#### crashtest84

##### New member
I don't understand how they are justifying the replacement that is being made in this example. It makes sense but I can't quite grasp the logic that's being used here so I don't think I'd be able to implement this method on other problems. Any help would be appreciated!

#### crashtest84

##### New member
Replacing absolute value

This sort of makes sense when I see what they've done but I don't understand the logic well enough to use this method myself. It seems a little arbitrary. Any help would be appreciated!

#### HallsofIvy

##### Elite Member
I have no idea what you are asking! You post what appears to give an "alternative method" to solving a problem but you don't post the problem itself.

#### HallsofIvy

##### Elite Member
?? Is this the same problem as in your thread "Replacing absolute value"? Again, you show just part of the information. Apparently this involves a first order differential equation with a given initial condition, apparently of the form y(-1)= some given number. If that is correct then the "logic" is that you have found the general solution to the differential equation to be of the form y(x)= F(x, C) where C is a "constant of integration", the undetermined constant that occurs when integrating (because the derivative of any constant is 0). In order to determine what C must be we must get an equation involving only C. To do that we replace x and y with the values given in the initial condition. If that initial condition is of the form y(-1)= A then replace x by -1 and y by A to get an equation in C only.

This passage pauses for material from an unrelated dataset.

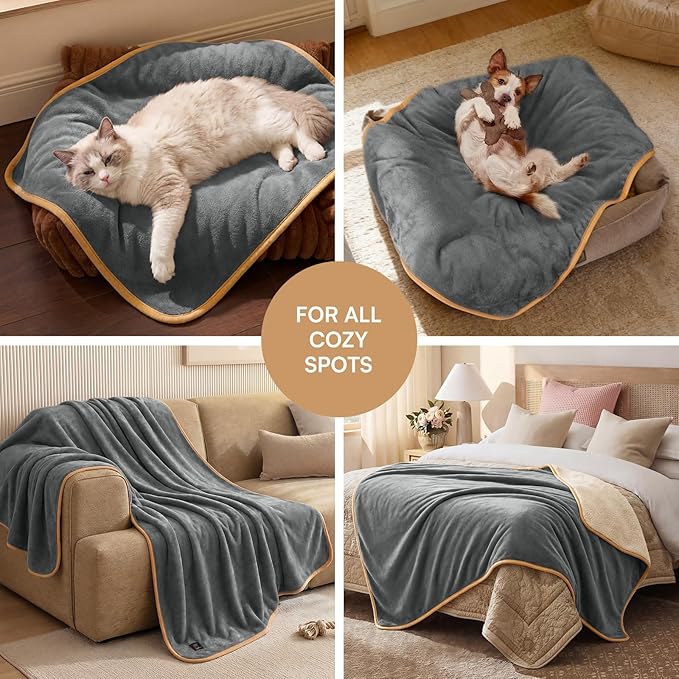Luciphia Waterproof Blanket for Dog Washable Reversible Sherpa Fleece Throw Blanket for Bed Couch Soft Liquid Pee Proof Furniture Cover Protector for Small Medium Large Pet Cat Grey 65" x 57"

I can't say more than that without knowing what the differential equation (or at least the general solution) is and what the initial condition is.

#### Dr.Peterson

##### Elite Member
This sort of makes sense when I see what they've done but I don't understand the logic well enough to use this method myself. It seems a little arbitrary. Any help would be appreciated!

View attachment 10640

Here we have replaced |y - 1| by 1 - y and |x + 3| by x + 3, since we are interested in x and y near the initial values x = -1, y = 0 (for such values, y - 1 < 0 and x + 3 > 0).

then you are given an explanation, but perhaps it needs a little more.

Apparently in the problem you didn't show, you only need to find a solution that includes (-1, 0), so you can restrict your attention to points near there.

If x is near -1, then x + 3 is near 2, and therefore is positive (taking "near" to be "no farther away than 2 units"). The absolute value of a positive number is the number itself, so |x + 3| = x + 3 in this case.

If y is near 0, then y - 1 is near -1, and therefore is negative (if y is within 1 of 0). The absolute value of a negative number is its negative, so in this case |y - 1| = -(y - 1) = 1 - y.

That is what they are saying.

Is that what you were asking? (It helps to both state the context, and be specific in what you ask.)